D’une question en apparence technique dépend aujourd’hui assez largement le sort de l’Europe : la valeur aujourd’hui très excessive de l’euro, face à toutes les autres grandes monnaies, est un exact reflet du désolant vide stratégique de la zone euro, seule zone monétaire assez suicidaire pour accepter de porter le poids de toutes les dévaluations des autres.

Si la récente décision de la BCE de réduire son principal taux d’intérêt de 0,5% à 0,25% a entrainé une très légère baisse de la parité entre l’euro et le dollar (à 1,33 dollar pour un euro), celle-ci reste beaucoup trop élevée : elle était, à la création de la monnaie unique, de 1,13 à sa création et elle est descendue à moins d’un dollar pour remonter jusque 1,38, quand la livre et le yen ont été au contraire dévalués de 25%, grâce à une cohérence politique forte entre la banque centrale et le gouvernement de ces deux pays.
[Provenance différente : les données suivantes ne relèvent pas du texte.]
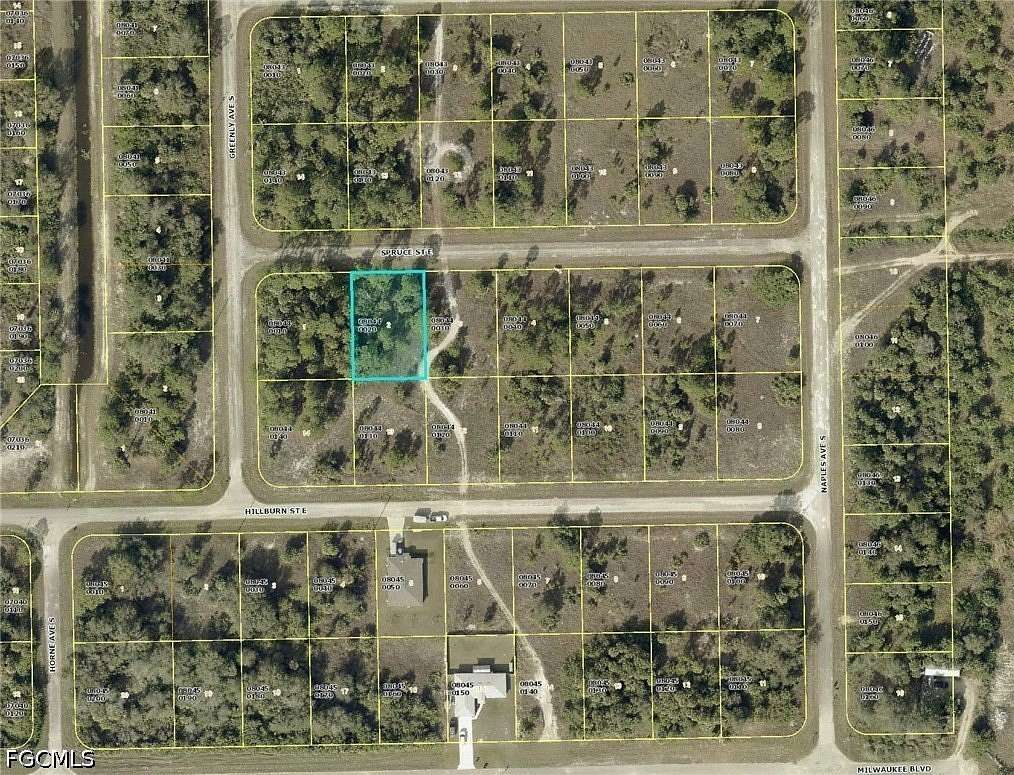 0.24 Acres of Residential Land for Sale in Lehigh Acres, Florida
La parité trop élevée de l’euro est désastreuse sur tous les plans : elle fait perdre en quelques jours tout gain de compétitivité qu’il a fallu des années pour reconquérir ; elle force les entreprises à réduire leurs prix, et à licencier, pour maintenir leur compétitivité interne et externe. En réduisant le coût des importations, elle réduit l’inflation à un niveau beaucoup trop bas et pousse à la consommation excessive d’énergie. Elle participe d’un cercle vicieux dans lequel toute tentative de réduire les déficits publics en réduisant les dépenses publiques conduit à augmenter le chômage et à aggraver la récession. Et, à terme, elle conduira les pays les plus endettés à ne plus être capables de rembourser leur dette publique sans spolier massivement les épargnants : un euro fort conduit toute la zone euro à une situation chypriote.
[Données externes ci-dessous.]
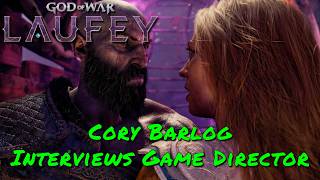 God Of War Laufey — Cory Barlog Interviews Game Director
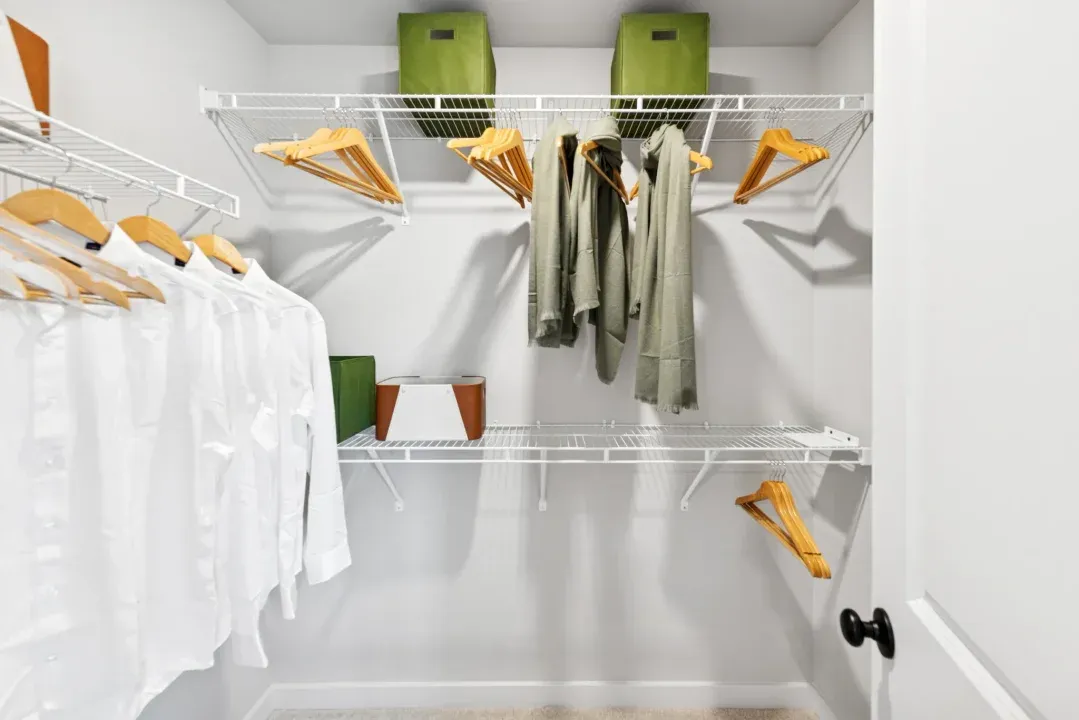 Primary Walk-In Closet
Enfin, politiquement, elle rend l’euro impopulaire et permet à ses ennemis de dénoncer son existence ; alors que c’est au contraire son inexistence politique qui en constitue la principale faiblesse.
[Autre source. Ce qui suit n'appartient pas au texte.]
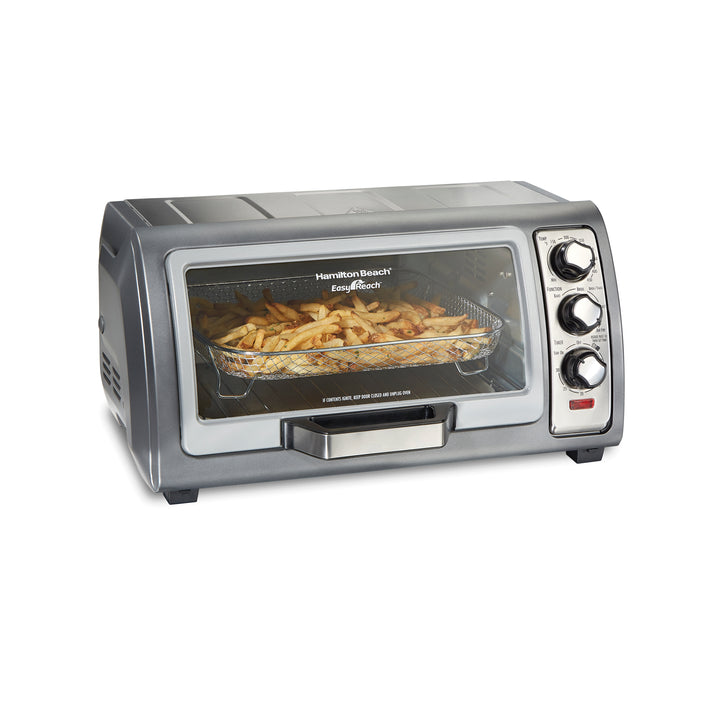 Hamilton Beach Sure-Crisp Air Fryer Toaster Oven with Easy Reach Door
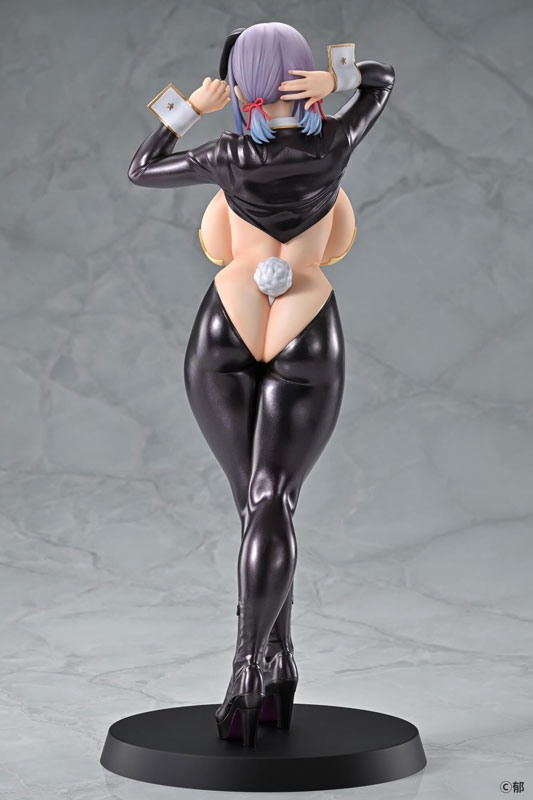 IKU Original Ami-chan Reverse Bunny 1/5 Complete Figure(Pre-order)Accessory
De fait, l’euro ne disparaitra pas s’il est trop faible. Mais il deviendra politiquement intolérable s’il est trop fort. Et il explosera alors, comme un ballon monté trop haut.

A l’inverse, une baisse drastique de l’euro permettrait d’augmenter les exportations, de réduire les importations de produits venant hors de la zone euro, de créer des emplois, de sortir de la déflation et d’alléger la dette publique. Tout cela renforcera le soutien à la monnaie unique et la crédibilité politique de la zone euro.

Il faut pour y parvenir que la France en soit suffisamment convaincue pour y amener les Allemands ; et, avec eux, la BCE.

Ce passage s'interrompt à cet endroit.